Exercise input ->
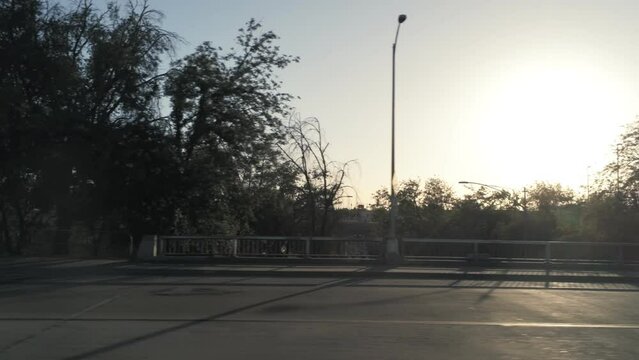 urban cityscape trees, street, overpass, pan left during sunset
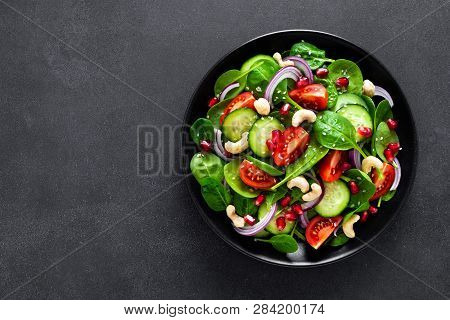 Spinach Salad With Fresh Cucumbers, Tomato, Onion, Pomegranate, Sesame Seeds And Cashew Nuts On Blac
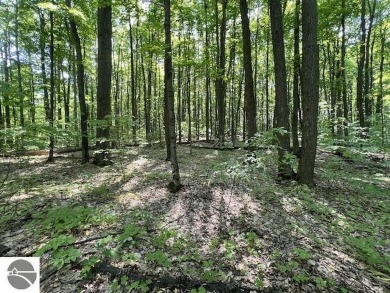 Towering hardwoods in a quiet cul-de-sac location and a large on Cedar River Golf Course in Michigan - for sale on GolfHomes.com, golf home, golf lot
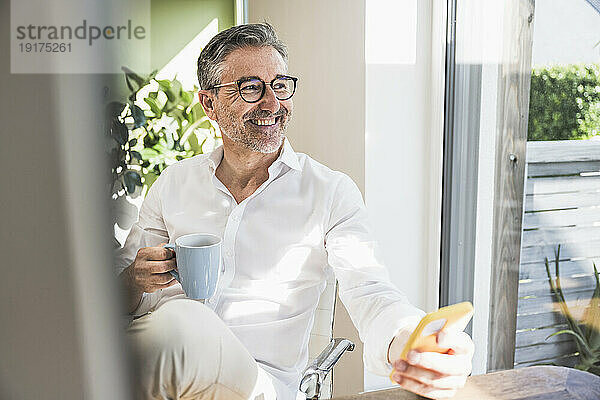 Nachdenklicher Freiberufler mit Smartphone und Kaffeetasse im Homeoffice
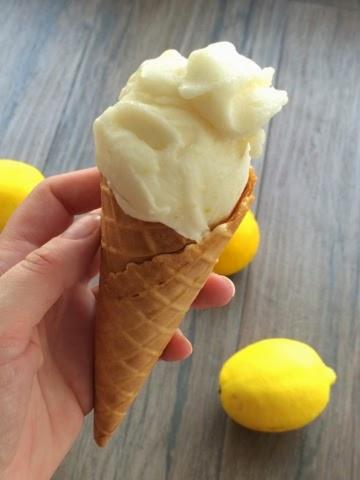 Ręka trzyma wafel z cytrynowymi lodami na tle trzech cytryn na szarym drewnianym stole.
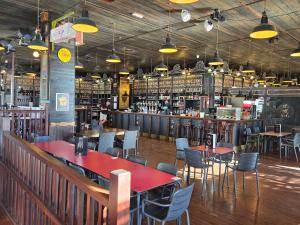 a restaurant with tables and chairs and a bar at Penthouse Las Terrazas de la Torre in Roldán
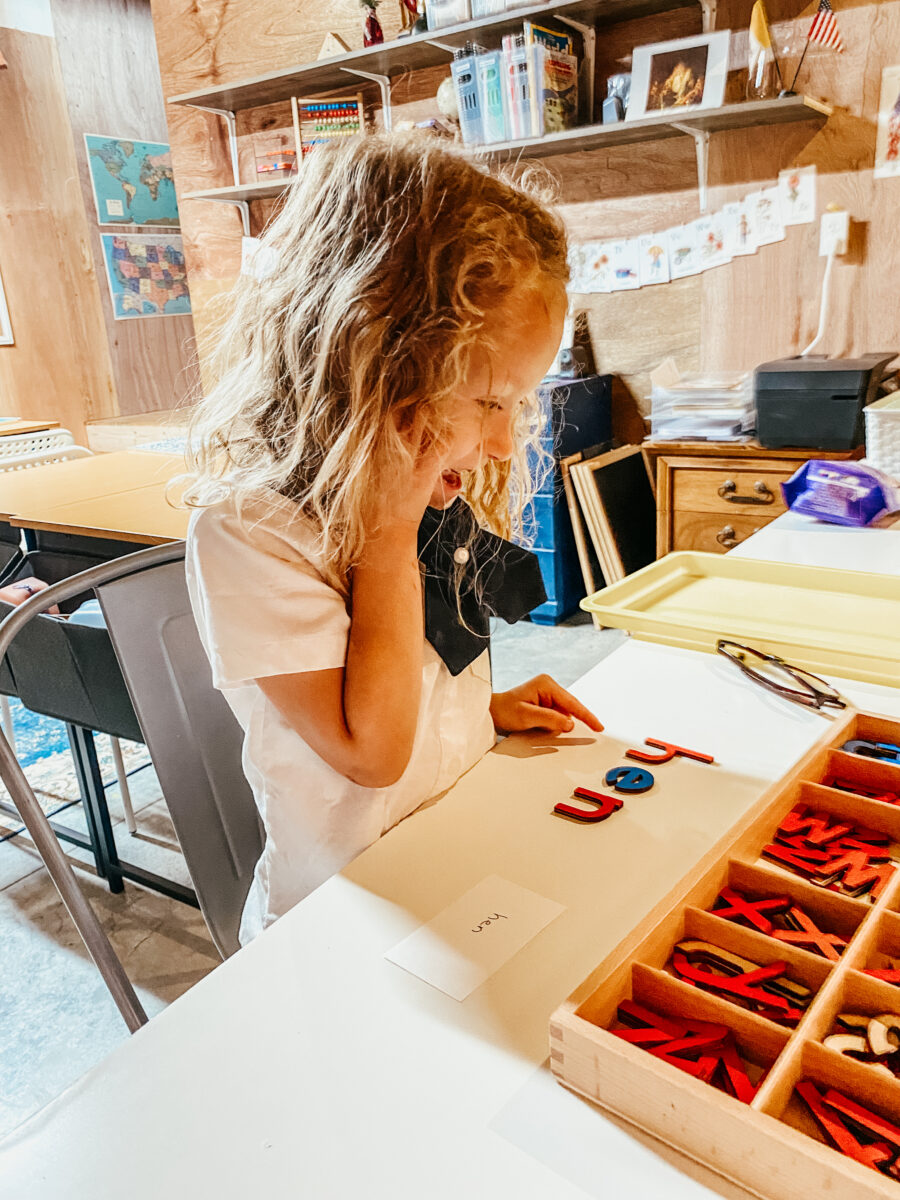little girl building words with wooden letters at a table. 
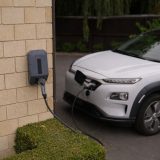 Elbil oplades ved en vægmonteret ladestander, muligvis en Zaptec Pro.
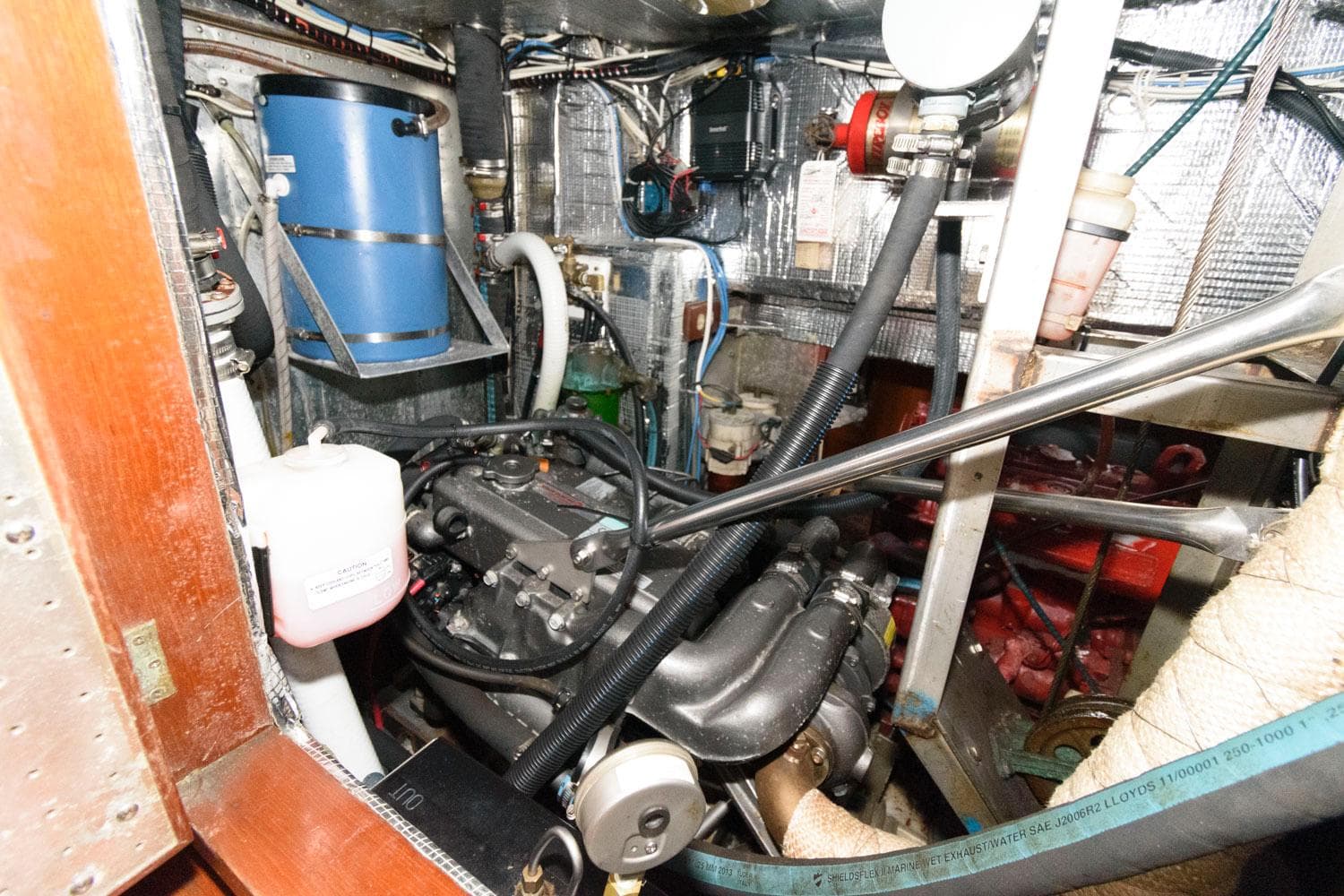 Engine room of a 1988 Tayana 52 sailboat with various mechanical components.
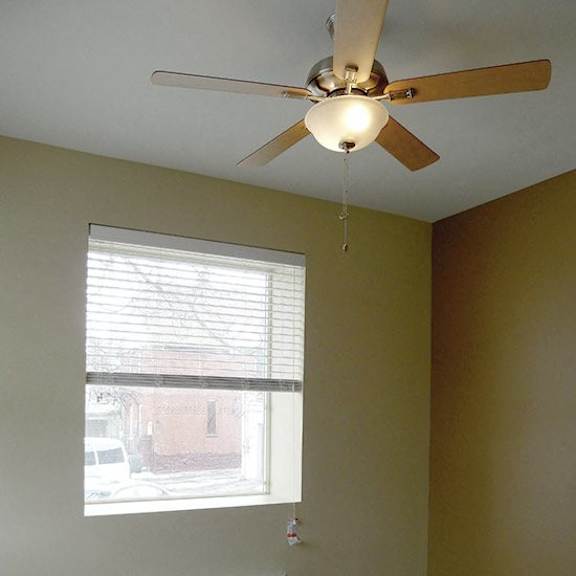 a room with a ceiling fan, window with blinds, and an air conditioner.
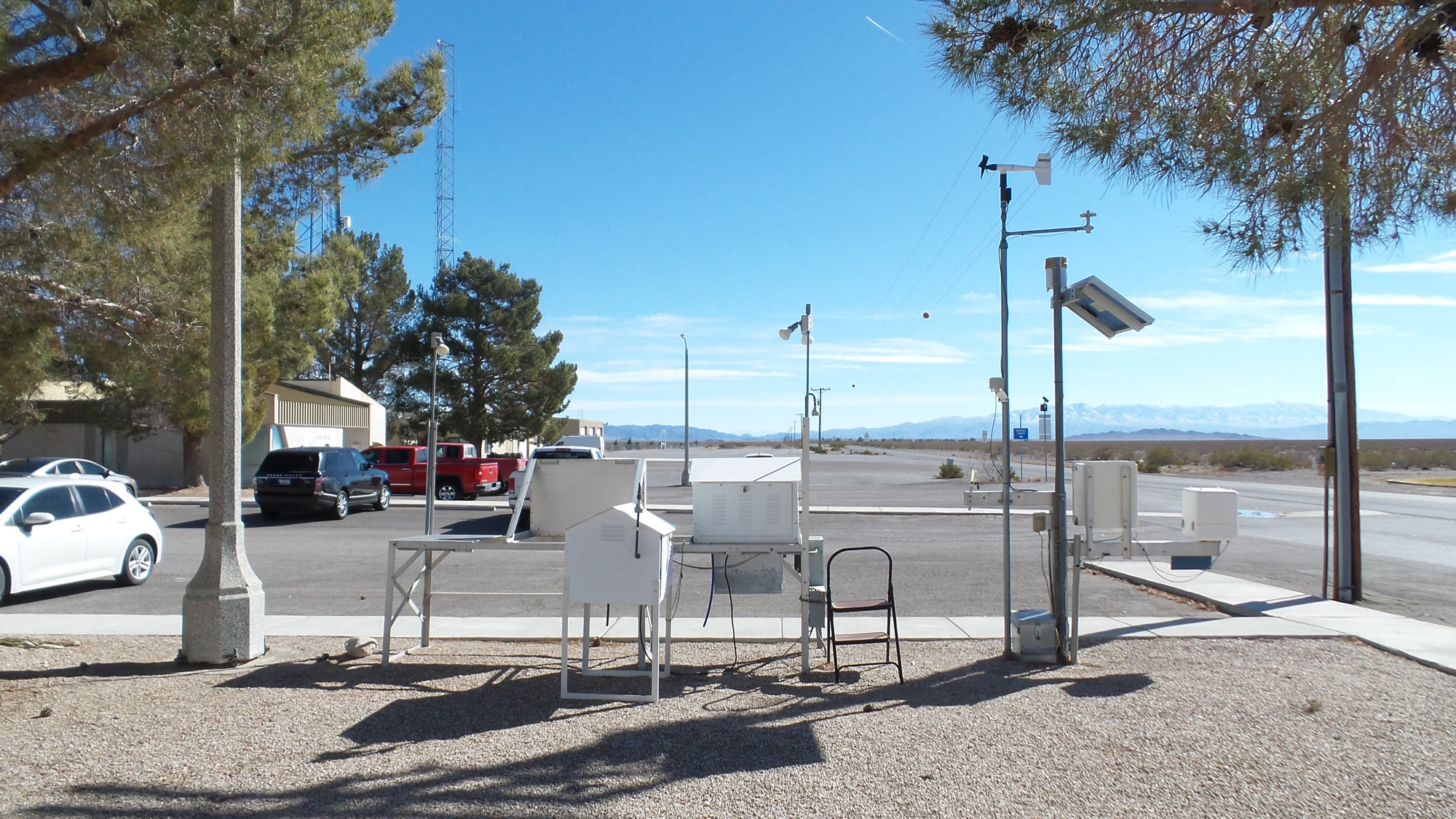 A weather station with instruments and sensors stands by a paved lot with parked cars, trees, and mountains visible in the distance under a clear blue sky.
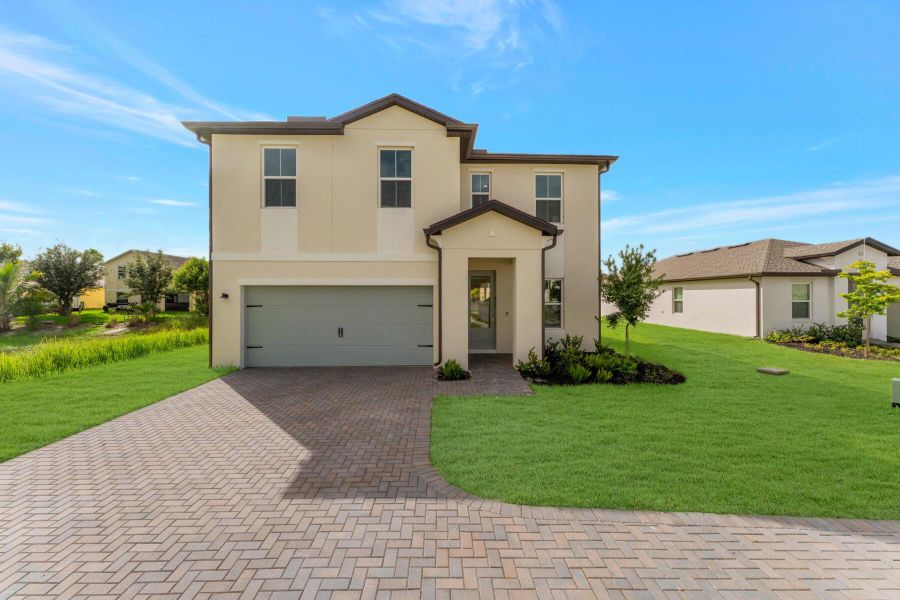 Front exterior of a new home in , Fort Pierce, FL, highlighting curb appeal (Image 25).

Exercise directions -> With pictures left out, extract the lines from the one containing "a room with" to the end of the material above, both included, exactly as written.

Solved exercise ->
 a room with a ceiling fan, window with blinds, and an air conditioner.
 A weather station with instruments and sensors stands by a paved lot with parked cars, trees, and mountains visible in the distance under a clear blue sky.
 Front exterior of a new home in , Fort Pierce, FL, highlighting curb appeal (Image 25).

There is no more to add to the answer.